ヒッチハイクの文化や方法、旅行記を綴っています。カナダ北部での生活や文化も紹介。

04月30日其の2−カナダの環境問題

「それで、何も持っていない時の必需品のもう一つは何ですか?」


「もう一つはビニール袋だ。」
「ビニール袋?」
「ああ、森の中で夜を越すときなんかは寝袋代わりになる。ビニール袋と言っても特大のヤツさ。それを2重にして中に入ればかなりの保温効果があるし、まず風はほとんど中に入らない。後ろのトランクに2,3枚ビニール袋が入っているから後で持っていきなよ。」
「いいんですか?ありがとう。」
「気にしないでくれ。ただこの季節はユコンみたいにもっと北に行けば熊が目を覚ます季節だから気を付けなよ。空腹の熊に会ったら最悪の事が起きるぜ。


彼の忠告には少し寒気がしたが、ヒッチハイクの知恵や熊の話しなんかはカナダ人そのものという感じで、少し楽しくなった。
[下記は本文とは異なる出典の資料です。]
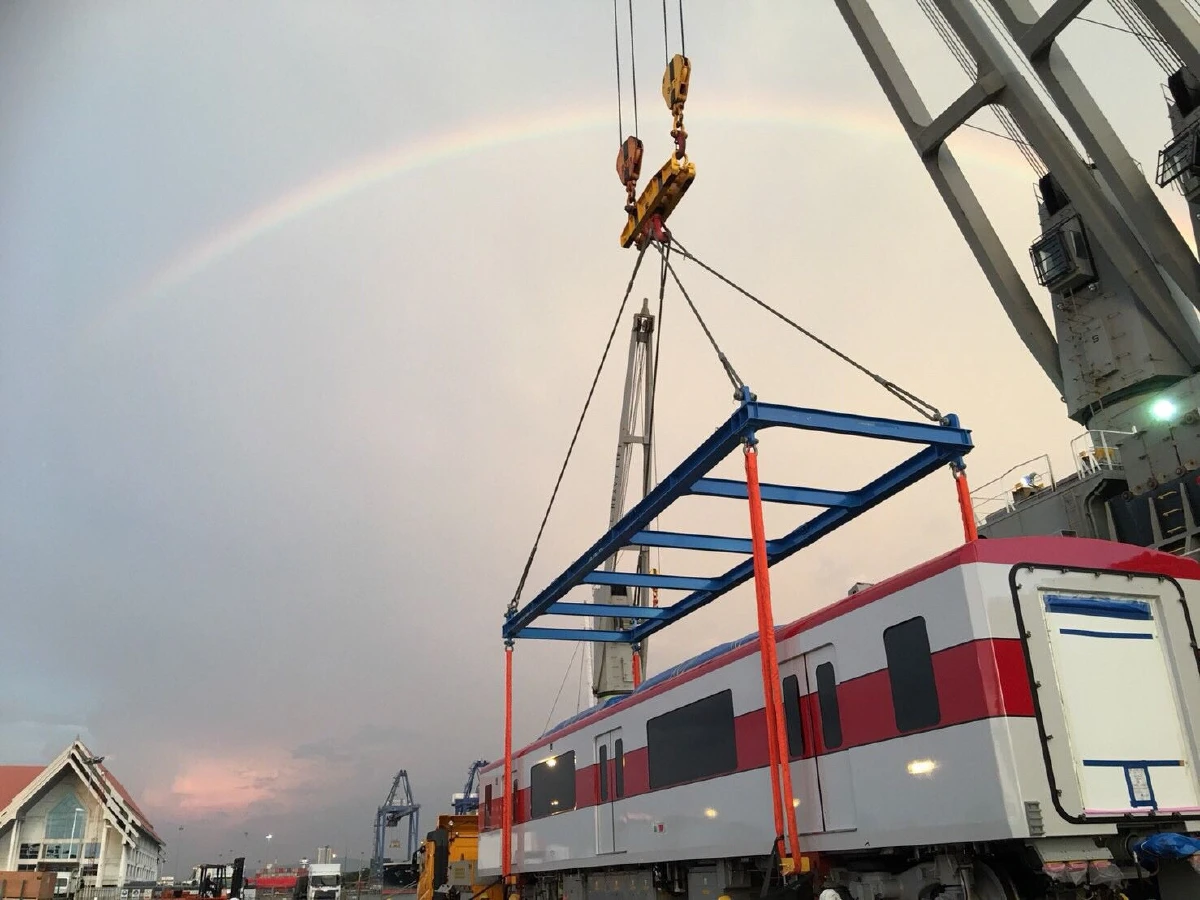 ถึงเมืองไทยแล้ว! รถไฟฟ้า 2 ขบวนแรกสายสีแดงเปิดบริการม.ค.ปีหน้า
1時間くらいするとやっとPrince Georgeに着いた。


すると彼が言った 「それでどうするかい?僕はこれからSmithersの前の町まで向かう。ここで降りてFort Nelson方向に行ってもいいが、Smithers方面に行くって手もあるんだ。」
「他の道もあったんですか?」
「ああ、ユコンまで続いている。Fort Nelsonは工業の町でWhitehorseやアラスカに行く車が多いからヒッチハイクはしやすいが、Smithersの道は景色がはるかに良い。どうする?」
僕は少し考えて答えた。
「ならSmithersに行きます。」
「そうか、それはいい判断だ。交通量が少ないのが難点だが、帰りに通るよりは良いからね。」
「どういうことですか?」
「それは帰りに分かるさ。」


彼が急に僕のガイドのように感じられてきた。
そのまま僕たちはPrince Georgeを抜けてSmithers方面に走っていった。


1時間くらいすると伐採されている森林が目立ってきた

「ここら辺はよく木を切っているんだ。カナダは世界最大の林産業を持っているからね。」
「そうだったんですか?」
「ああ、輸出のかなりの割合はアメリカに行っているんだが、日本にもたくさん行っていると思う。」
「そうだったんですか。知りませんでした。」
「もう少しでものすごい場所を見れるよ。初めてみたら驚くよあれは。植林もしているんだが、とてもじゃないけど間に合わないさ。タダでさえ温暖化でものすごい量の木が毎年倒れているのに。」


「温暖化で木が倒れるんですか?そんなことってあるんですか?」
「あるよ。ただ気温の高さが木をダメにしているんではない。このあたりの木にはある悪い虫がすんでいてね。木の内部を食い荒らしてしまうんだ。でも10年以上前までは冬の厳しい寒さでほとんどの虫が死んでしまったんだ。でも、最近は温暖化の原因でこの虫が冬に死ななくなってね、残った虫が酷い勢いで内陸中の木を倒してしまっているんだ。」
「そうなんですか。。。」


彼は本当に勉強になることを僕に教えてくれていた。

ただ旅行しているだけでは絶対にここまで深いその土地の情報なんて入らない。
ヒッチハイクではこういう風にその土地の話を聞けるのが素晴らしいなぁ、と僕は座りながら考えていた。


また少し走ると、森林の伐採場が見えてきた。
始めてみるそれは、信じられないくらい巨大な量の木が地面に横たわっていた。


本当に東京ドームと同じような大きさの木が整然と積み上げられている場所だった。
木を切り倒した後にまた何か切るための大きな機械があったが、その横には信じられないくらい大きな木屑が山のようになっていて、本当に驚いた。


その大きさといえば小さな山ほどだ。それだけ大量の木がここでは切られているのか、と実感した。
日本を含め、先進国の消費文化は最近では発展途上国にもうつり、世界中のビニールや紙の消費がここまで資源の搾取に繋がっているのかと車の中で考えていた。


僕たちはその場を無言で通り過ぎ、先へ向かった。